Goal of the exercise: Retype each of the records below exactly, leaving the pictures out.

_ _ _ _ _

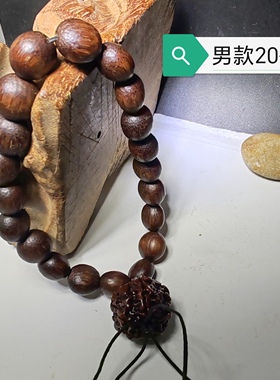 老竹子文玩手串按摩养生效果好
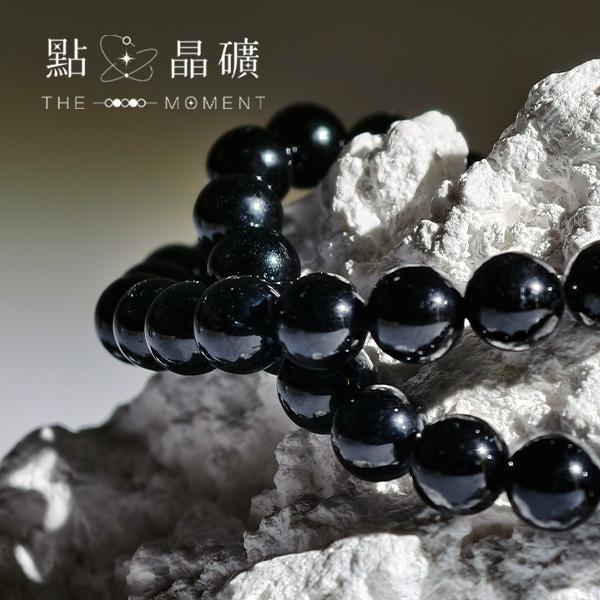 黑碧璽素串 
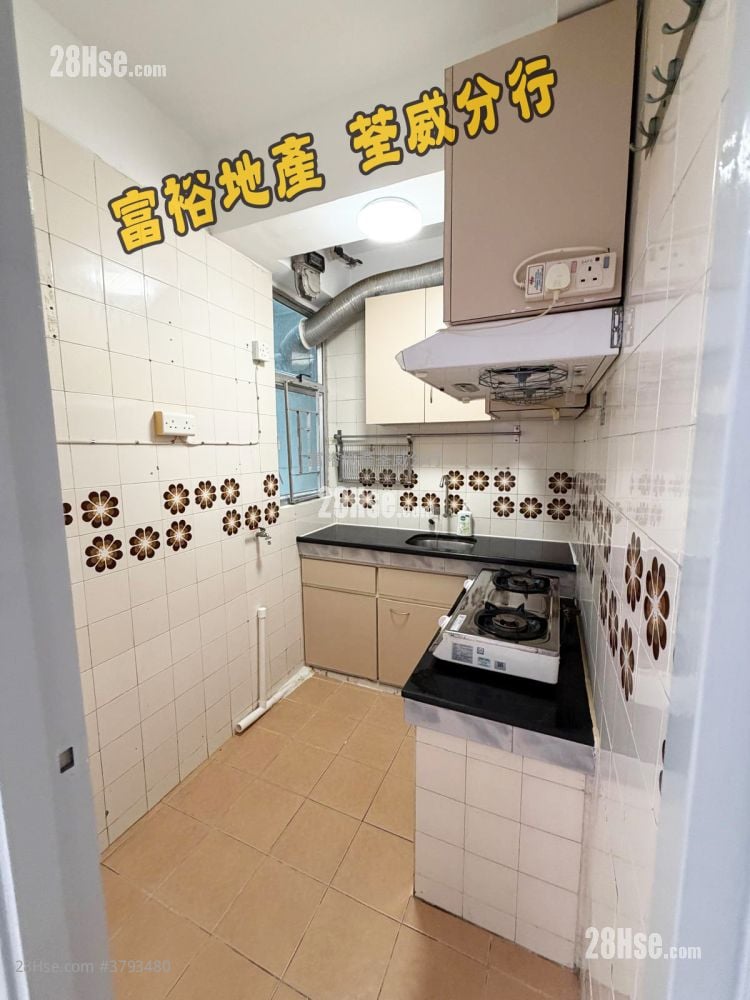 Tsuen Tak Garden Rental 2 Bedrooms , 1 Bathroom 287 ft²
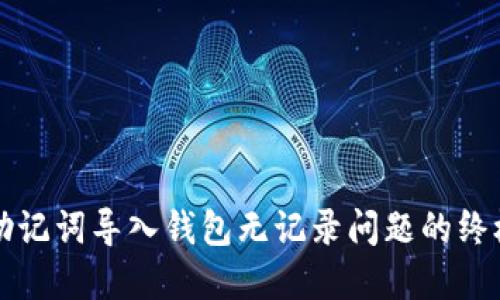 解决助记词导入钱包无记录问题的终极指南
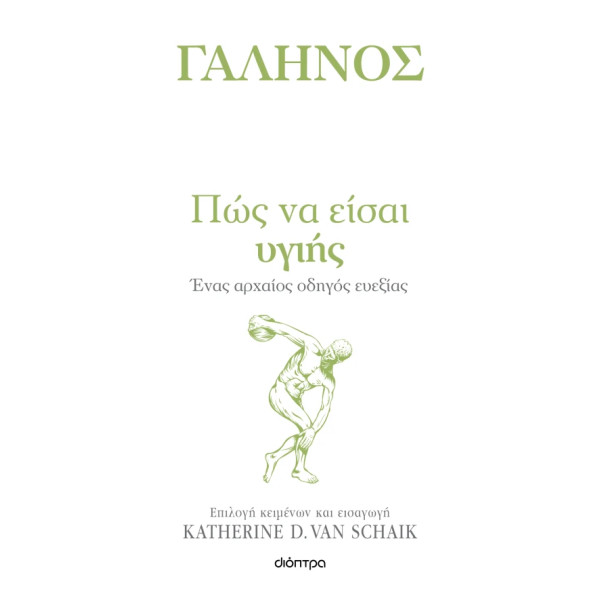 Πώς να Eίσαι Yγιής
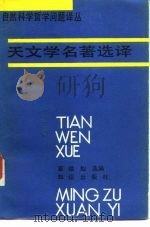 天文学名著选译（1989 PDF版）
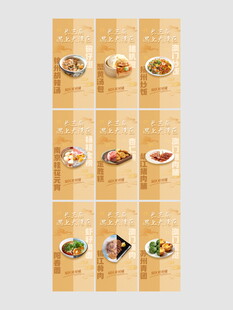 创意美食海报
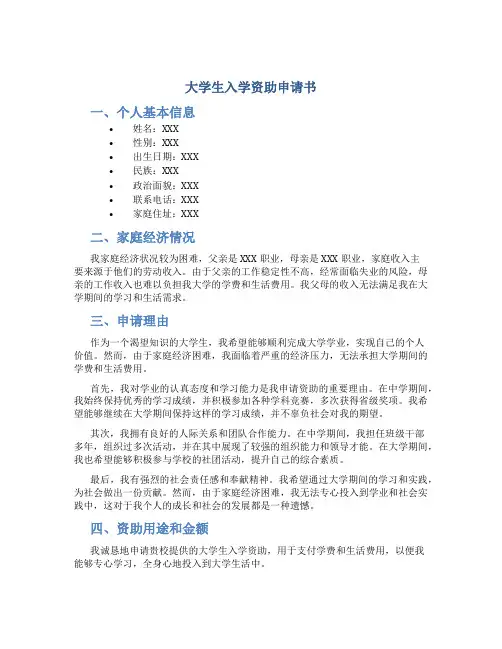 大学生入学资助申请书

_ _ _ _ _

Answer for the task:
 老竹子文玩手串按摩养生效果好
 黑碧璽素串 
 Tsuen Tak Garden Rental 2 Bedrooms , 1 Bathroom 287 ft²
 解决助记词导入钱包无记录问题的终极指南
 Πώς να Eίσαι Yγιής
 天文学名著选译（1989 PDF版）
 创意美食海报
 大学生入学资助申请书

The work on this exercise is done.